One of the more inflammatory pieces of news from yesterday’s strike wasn’t, as it turns out, Your Ruined Travel Plans, but union leader Luis Barrionuevo’s blindingly ill-advised comment that dialogue between unions and the government had been better under the military dictatorship. The ‘Blue and White’ General Argentine Labour Confederation general secretary claimed that:

“In the military era, we would strike, walk out, fight, talk, negotiate, but with this government we have had no chance for any sort of dialogue.”

Just before the strike he complained that they hadn’t heard anything from the Kirchner government for three years and criticized both the government and the president as “capricious.” The whole thing was “clarified” at a press conference held yesterday afternoon by the strike leaders, where he stated that “the military listened to the union leaders because there were military inspectors in the CGT.”

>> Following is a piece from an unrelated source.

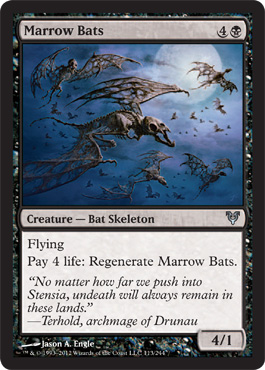 Marrow Bats - Avacyn Restored Spoiler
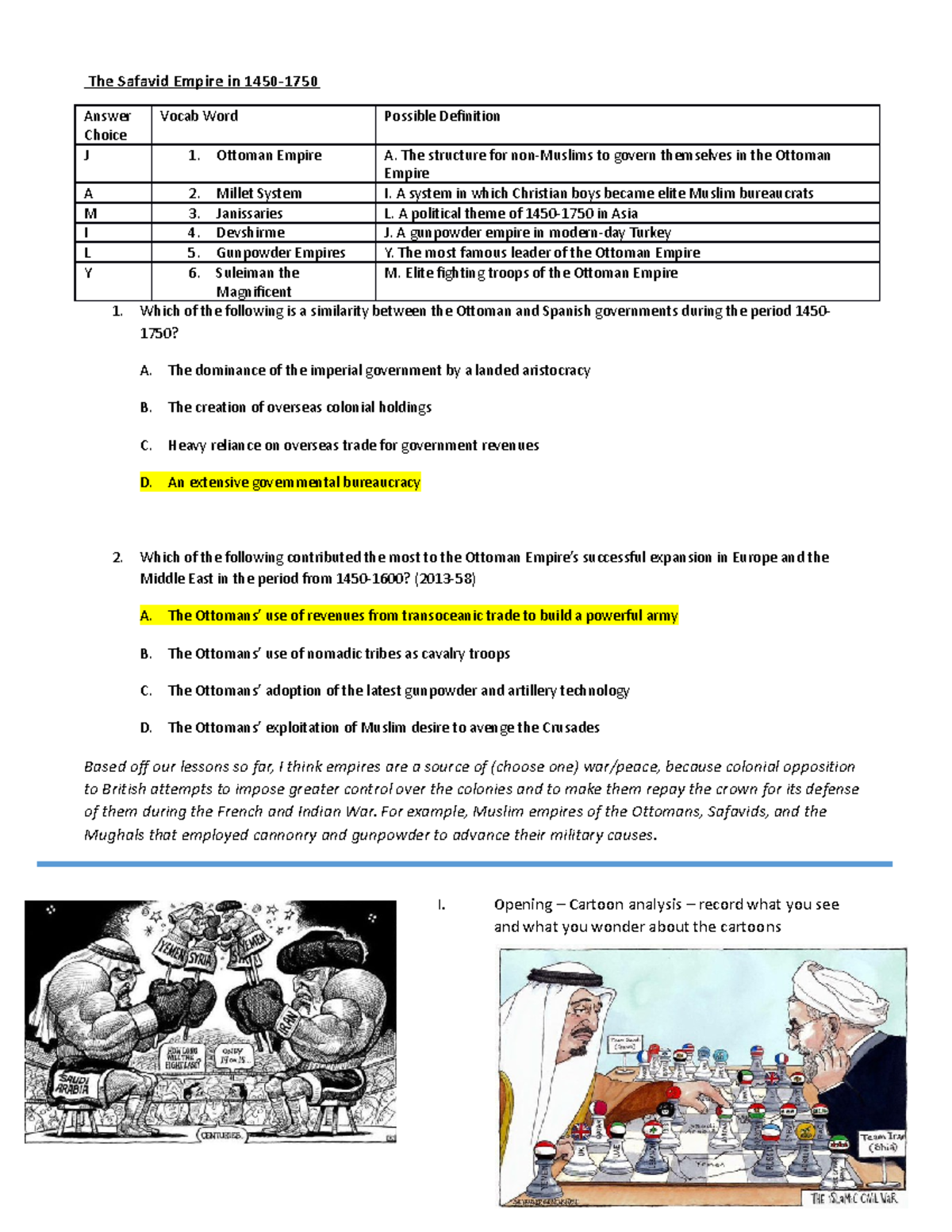 10 25 Safavids V Ottomans The Safavid Empire In 1450 Answer Choice   Thumb 1200 1553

It absolutely didn’t help. The condemnation has, of course, been swift and unequivocal from all sides. Let’s take a look at how many people are running or throwing stones at this guy while he’s busy getting his foot out of his mouth.

Pablo Micheli, secretary general of the Argentine Workers’ Central Union (CTA), who joined Barrionuevo in galvanizing their respective unions to strike action yesterday, distanced himself from Barrionuevo:

“To say that one could negotiate with the dictatorship is atrocious, in my opinion.”

Facundo Moyano was also quick to jump ship. He argued that some of the main victims of the military dictatorship in society were Argentine workers – those the unions are looking to protect – and tweeted this statement expressing his “absolute condemnation of the comments made by Luis Barrionuevo”:


Frente Para la Victoria members, aligned with a government which has done much to deliver retribution and reconciliation following the atrocities of the dictatorship – and consequent pardons granted by the President Carlos Menem administration – denounced the comment as:

“An insult to human rights organizations, to their long battle and to the politics of Memory, Truth and Justice that the government… has been pursuing since 2003.”

Some went further, pointing out that this might in fact have been a slip of the tongue – leader of the CTA Hugo Yasky described the comments as “confessions, not declarations.” He suggested that pulling at this loose thread might:

“Allow us to see what side union leaders were on, when there was a genocidal dictatorship that treated workers so brutally.”

Cabinet Chief Aníbal Fernández got on board, throwing some quick shade. “If you were to call Barrionuevos a brute, that would seem to be a tautological truth,” he said before picking up on the potentially suspicious implications of there being dialogue between the by-definition dictatorial regime and the unions:

“Who was able to talk [with the authorities] during that era? Those who made some kind of concession which gave them access to the brutes who had usurped power.”

He criticized yesterday’s strike as lacking in rhyme and reason and called for wage discussions to continue, “rationally,” at the discussion table.

Fernandez, unimpressed. Via:
Fernandez, unimpressed. Via:

So that’s prominent government officials, members of the incumbent party, and union brothers-in-arms. What are we missing?

Oh right, an internationally respected public figure and celebrated human rights activist: step on up, Hebe de Bonafini, president of the Mothers of the Plaza de Mayo. Her response was a perfect blend of damnation veiled in placid consolation:

“There’s no need for alarm, it’s good that they’ve finally told the truth. They spoke, negotiated and were aligned with the military.”

She included Hugo Moyano and ‘Momo’ (Gerónimo) Venegas in the list of unionists who would be imminently paying for their complicity with the military regime, in action planned by her organization for some time this year.

Barrionuevo is no stranger to controversy, being the maverick who in 2003 burned some ballot boxes in Catamarca after his candidacy was refused in the courts for not having been a citizen for long enough. As a result the election had to be suspended. He did have an unshakeable logic: “If there are no PJ ballots, there’s no election.” However, it’s by this logic of implication that people have used his comment to openly speculate about the murky past of union politics.